I don’t know what ‘stepping in’ means. I could ask for financial help. I could ask him to listen while I update him on where we are now. It would take time to do that, and so I suppose I am asking for his time. Is it to his advantage to listen to me speak?
‘What is it, Sofia? What do you want to talk about?’
‘I am thinking of finishing my doctorate in America.’
He is already far away. He has shut down his eyes and his face has become tight.
‘I will need to fund my studies. I will also have to leave Rose alone in Britain. I don’t know what to do.’
He shoves his hands into the pockets of his grey trousers. ‘Do as you please,’ he says. ‘There are grants available for overseas study. As for your mother, she has chosen to live as she does. It is not my concern.’
‘I am asking for your advice.’
He steps backwards towards the closed door.
‘What shall I do, Papa?’
‘Please, Sofia. Alexandra needs to sleep because your sister is eating her alive. I need to rest, too.’

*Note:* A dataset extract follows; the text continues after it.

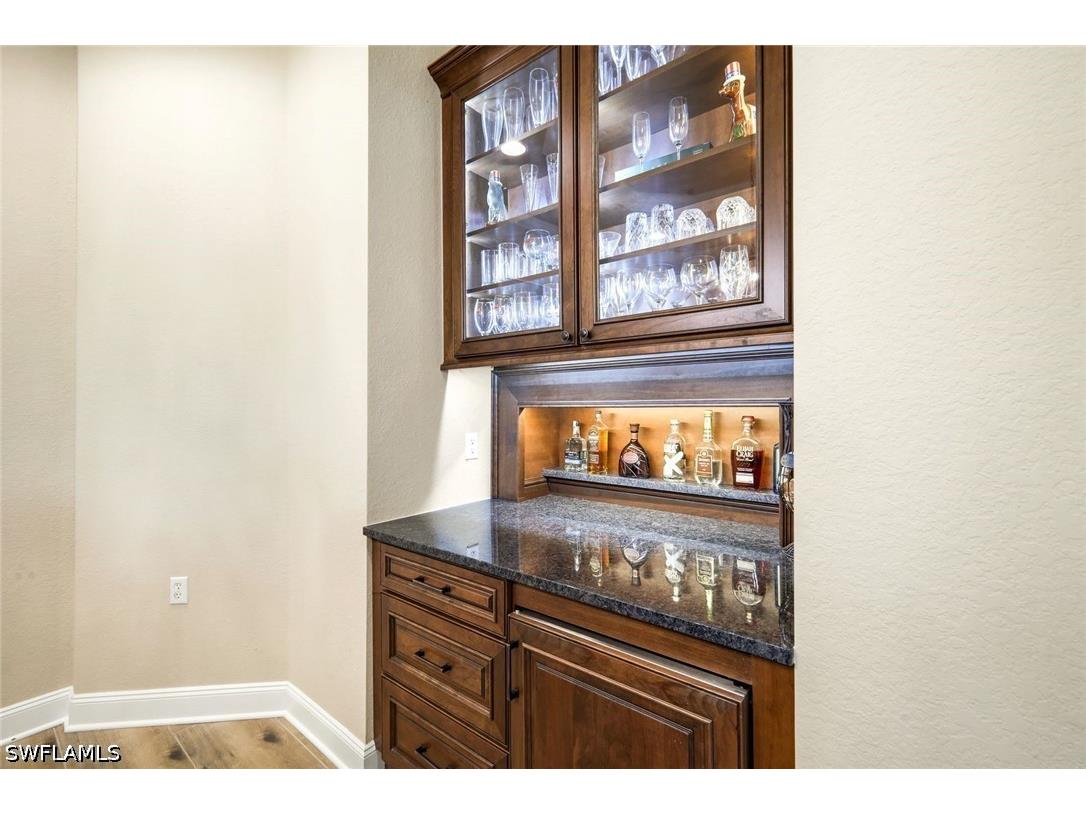 10342 Autumn Breeze Drive #202 Estero FL 34135 226018681 image14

Christos. Alexandra. Evangeline.
They all need to nap.
All Greek myths are about unhappy families. I am the part of their family that sleeps on a camp bed in the spare room. Evangeline means ‘messenger of good news’. What is my news? I am looking after my father’s first wife.
I walk back with him as he makes his way to join his kin on the soft, blue sofa. I am fuming. I stare at the wall to try to become calmer. But the wall is not a clear, cool space, it is full of grinning ducks. My father is furtively looking at me as he folds himself into the sofa with his wife and daughter. He wants me to see his new, happy family from his point of view.
Look at our calm resting!
Listen to the way we do not shout!
Observe the way we all know our place!
Look at how my wife manages our needs!
My view on his family is required to be his view on his family. He would prefer me not to see them from any other point of view.
I do not see things from my father’s point of view.
Point of view is becoming my subject.
All my potency is in my head, but my head is not supposed to be the most attractive thing about me. Will my new sister make her father less uncomfortable than I do? She and I have a secret game. Every time I stroke her earlobe, she shuts her eyes. When I tickle the sole of her tiny foot she opens her eyes and gazes at me from her point of view. My father is always keen for them to all shut their eyes.
‘Time for some shut-eye’ is his favourite sentence.